_What you have to do_: Return the whole listing, keeping every character the same.

====================

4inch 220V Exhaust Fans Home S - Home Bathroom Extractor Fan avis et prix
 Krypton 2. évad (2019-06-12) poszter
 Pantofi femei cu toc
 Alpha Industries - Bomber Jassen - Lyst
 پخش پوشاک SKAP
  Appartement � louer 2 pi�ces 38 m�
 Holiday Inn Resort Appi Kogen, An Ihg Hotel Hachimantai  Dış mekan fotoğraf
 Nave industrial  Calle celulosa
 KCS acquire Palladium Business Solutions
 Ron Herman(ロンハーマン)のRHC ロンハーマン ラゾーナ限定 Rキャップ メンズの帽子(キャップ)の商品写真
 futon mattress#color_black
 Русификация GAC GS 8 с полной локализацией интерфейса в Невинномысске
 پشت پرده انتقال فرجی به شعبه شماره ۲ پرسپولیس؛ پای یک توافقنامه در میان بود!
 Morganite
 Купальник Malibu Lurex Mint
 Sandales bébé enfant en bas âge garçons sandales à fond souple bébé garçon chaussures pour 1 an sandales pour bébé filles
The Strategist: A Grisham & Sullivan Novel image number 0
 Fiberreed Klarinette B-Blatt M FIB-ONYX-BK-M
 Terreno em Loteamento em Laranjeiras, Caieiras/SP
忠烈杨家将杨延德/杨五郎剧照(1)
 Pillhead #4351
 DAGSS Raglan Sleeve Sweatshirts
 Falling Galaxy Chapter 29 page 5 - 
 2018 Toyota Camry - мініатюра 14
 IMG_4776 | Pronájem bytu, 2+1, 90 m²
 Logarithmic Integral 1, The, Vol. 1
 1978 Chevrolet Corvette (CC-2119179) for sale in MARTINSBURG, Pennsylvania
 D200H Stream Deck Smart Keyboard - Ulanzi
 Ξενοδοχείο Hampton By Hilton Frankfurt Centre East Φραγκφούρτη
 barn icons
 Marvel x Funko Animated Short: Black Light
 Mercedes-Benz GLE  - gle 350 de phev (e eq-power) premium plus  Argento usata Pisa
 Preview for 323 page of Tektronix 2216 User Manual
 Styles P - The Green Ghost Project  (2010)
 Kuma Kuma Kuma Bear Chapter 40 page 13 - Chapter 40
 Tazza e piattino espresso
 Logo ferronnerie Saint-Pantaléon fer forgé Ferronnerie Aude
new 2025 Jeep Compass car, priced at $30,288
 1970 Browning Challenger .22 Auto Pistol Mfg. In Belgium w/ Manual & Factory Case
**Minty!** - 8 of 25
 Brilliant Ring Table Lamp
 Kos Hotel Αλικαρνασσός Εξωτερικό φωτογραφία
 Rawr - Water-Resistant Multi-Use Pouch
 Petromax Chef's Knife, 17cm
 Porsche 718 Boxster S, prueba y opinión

====================

_Completed task_:
4inch 220V Exhaust Fans Home S - Home Bathroom Extractor Fan avis et prix
 Krypton 2. évad (2019-06-12) poszter
 Pantofi femei cu toc
 Alpha Industries - Bomber Jassen - Lyst
 پخش پوشاک SKAP
  Appartement � louer 2 pi�ces 38 m�
 Holiday Inn Resort Appi Kogen, An Ihg Hotel Hachimantai  Dış mekan fotoğraf
 Nave industrial  Calle celulosa
 KCS acquire Palladium Business Solutions
 Ron Herman(ロンハーマン)のRHC ロンハーマン ラゾーナ限定 Rキャップ メンズの帽子(キャップ)の商品写真
 futon mattress#color_black
 Русификация GAC GS 8 с полной локализацией интерфейса в Невинномысске
 پشت پرده انتقال فرجی به شعبه شماره ۲ پرسپولیس؛ پای یک توافقنامه در میان بود!
 Morganite
 Купальник Malibu Lurex Mint
 Sandales bébé enfant en bas âge garçons sandales à fond souple bébé garçon chaussures pour 1 an sandales pour bébé filles
The Strategist: A Grisham & Sullivan Novel image number 0
 Fiberreed Klarinette B-Blatt M FIB-ONYX-BK-M
 Terreno em Loteamento em Laranjeiras, Caieiras/SP
忠烈杨家将杨延德/杨五郎剧照(1)
 Pillhead #4351
 DAGSS Raglan Sleeve Sweatshirts
 Falling Galaxy Chapter 29 page 5 - 
 2018 Toyota Camry - мініатюра 14
 IMG_4776 | Pronájem bytu, 2+1, 90 m²
 Logarithmic Integral 1, The, Vol. 1
 1978 Chevrolet Corvette (CC-2119179) for sale in MARTINSBURG, Pennsylvania
 D200H Stream Deck Smart Keyboard - Ulanzi
 Ξενοδοχείο Hampton By Hilton Frankfurt Centre East Φραγκφούρτη
 barn icons
 Marvel x Funko Animated Short: Black Light
 Mercedes-Benz GLE  - gle 350 de phev (e eq-power) premium plus  Argento usata Pisa
 Preview for 323 page of Tektronix 2216 User Manual
 Styles P - The Green Ghost Project  (2010)
 Kuma Kuma Kuma Bear Chapter 40 page 13 - Chapter 40
 Tazza e piattino espresso
 Logo ferronnerie Saint-Pantaléon fer forgé Ferronnerie Aude
new 2025 Jeep Compass car, priced at $30,288
 1970 Browning Challenger .22 Auto Pistol Mfg. In Belgium w/ Manual & Factory Case
**Minty!** - 8 of 25
 Brilliant Ring Table Lamp
 Kos Hotel Αλικαρνασσός Εξωτερικό φωτογραφία
 Rawr - Water-Resistant Multi-Use Pouch
 Petromax Chef's Knife, 17cm
 Porsche 718 Boxster S, prueba y opinión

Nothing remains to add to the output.